Joaquin Terruella was an important Spanish artist, primarily known for his distinctive and striking reprensentations of Spanish sporting subjects, particularly bull fights. Born in 1891, he was the nephew of Matilla the Second, and studied under Santiago Rusiñol (1861 - 1931), one of the leaders of the Catalan modernism movement. Terruela traveled to Italy in 1923, and painted in Paris and Palma de Mallorca. Garnering a respectable level of recognition, he began exhibting individually at the Goya Room in Barcelona 1916, as well as the city hall of Pares in 1924, and galleries in Paris (1922), Madrid, Palma, Zaragoza, Bordeaux and Biarritz. In 1928 he would go on to show his work at the Sala Gaspar of Barcelona until 1952.
Joaquín Terruella also painted landscapes with a distinctive impressionist style which reflected the subtle delicacy and transparency of the Catalan landscape. His favorite subject though was the world of bullfighting, and he actually worked as an illustrator for taurian publications “El Día Gráfico” and “La Noche”. He also tried gypsy scenes and concert cafes. His work is preserved at the MACBA, the Museum of Contemporary Art of Madrid, and the Museo Provincial de Lugo.

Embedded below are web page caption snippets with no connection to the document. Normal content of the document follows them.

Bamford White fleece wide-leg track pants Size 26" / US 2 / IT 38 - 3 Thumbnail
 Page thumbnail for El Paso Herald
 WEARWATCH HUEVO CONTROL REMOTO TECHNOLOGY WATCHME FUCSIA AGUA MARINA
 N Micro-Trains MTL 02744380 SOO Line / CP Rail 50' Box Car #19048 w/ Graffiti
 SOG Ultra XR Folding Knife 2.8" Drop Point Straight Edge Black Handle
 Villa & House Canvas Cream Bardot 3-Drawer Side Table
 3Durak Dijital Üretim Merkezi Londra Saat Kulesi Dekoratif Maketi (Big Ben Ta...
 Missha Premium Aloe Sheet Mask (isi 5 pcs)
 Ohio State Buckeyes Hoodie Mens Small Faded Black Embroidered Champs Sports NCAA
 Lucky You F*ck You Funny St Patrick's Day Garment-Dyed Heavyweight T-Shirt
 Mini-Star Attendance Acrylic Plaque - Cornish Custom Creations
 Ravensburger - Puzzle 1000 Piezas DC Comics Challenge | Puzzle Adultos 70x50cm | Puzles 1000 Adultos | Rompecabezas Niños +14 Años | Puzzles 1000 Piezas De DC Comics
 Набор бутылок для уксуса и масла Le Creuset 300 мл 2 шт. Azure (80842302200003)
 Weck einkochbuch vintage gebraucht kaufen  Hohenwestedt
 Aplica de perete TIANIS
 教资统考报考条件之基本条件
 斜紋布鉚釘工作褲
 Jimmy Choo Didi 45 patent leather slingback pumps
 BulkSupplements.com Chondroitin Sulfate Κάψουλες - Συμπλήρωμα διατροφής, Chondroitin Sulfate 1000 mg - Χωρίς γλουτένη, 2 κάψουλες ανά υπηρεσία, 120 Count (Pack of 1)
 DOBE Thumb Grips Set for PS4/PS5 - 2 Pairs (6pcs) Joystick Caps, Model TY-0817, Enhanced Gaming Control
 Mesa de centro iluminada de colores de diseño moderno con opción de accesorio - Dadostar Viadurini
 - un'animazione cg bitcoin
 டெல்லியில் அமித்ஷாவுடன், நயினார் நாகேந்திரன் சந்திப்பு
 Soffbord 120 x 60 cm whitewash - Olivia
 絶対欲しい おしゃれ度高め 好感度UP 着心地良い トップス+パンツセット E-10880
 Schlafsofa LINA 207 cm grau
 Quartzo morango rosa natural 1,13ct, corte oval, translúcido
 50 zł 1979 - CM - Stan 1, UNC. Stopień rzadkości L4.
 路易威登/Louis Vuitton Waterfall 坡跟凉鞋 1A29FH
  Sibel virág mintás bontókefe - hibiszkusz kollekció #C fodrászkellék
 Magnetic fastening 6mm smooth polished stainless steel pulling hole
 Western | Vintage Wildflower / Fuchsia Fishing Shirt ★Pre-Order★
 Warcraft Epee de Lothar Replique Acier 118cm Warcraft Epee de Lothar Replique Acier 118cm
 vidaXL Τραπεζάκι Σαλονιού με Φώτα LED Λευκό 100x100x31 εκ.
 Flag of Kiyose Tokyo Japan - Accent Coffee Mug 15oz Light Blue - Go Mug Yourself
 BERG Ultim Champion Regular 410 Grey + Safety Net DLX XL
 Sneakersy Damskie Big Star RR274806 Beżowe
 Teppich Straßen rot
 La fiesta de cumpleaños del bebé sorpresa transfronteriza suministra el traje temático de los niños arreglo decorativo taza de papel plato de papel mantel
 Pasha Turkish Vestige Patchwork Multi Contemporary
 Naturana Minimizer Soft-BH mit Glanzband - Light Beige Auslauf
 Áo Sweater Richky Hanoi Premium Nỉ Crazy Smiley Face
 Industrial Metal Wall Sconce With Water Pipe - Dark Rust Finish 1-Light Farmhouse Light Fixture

In the pair above, Terruella produces one of his characteristic subjects: a pass of bullfighting. He summarizes both the expressiveness and the suspense of the moment in two paintings of frozen motion. His composition evokes a great sobriety whilst also filling the viewer with a sense of awe and dynamism. Indeed, the passion and excitement of the bull fight exhudes from the warm color palet, which also suggests the heat and the danger of the engagement.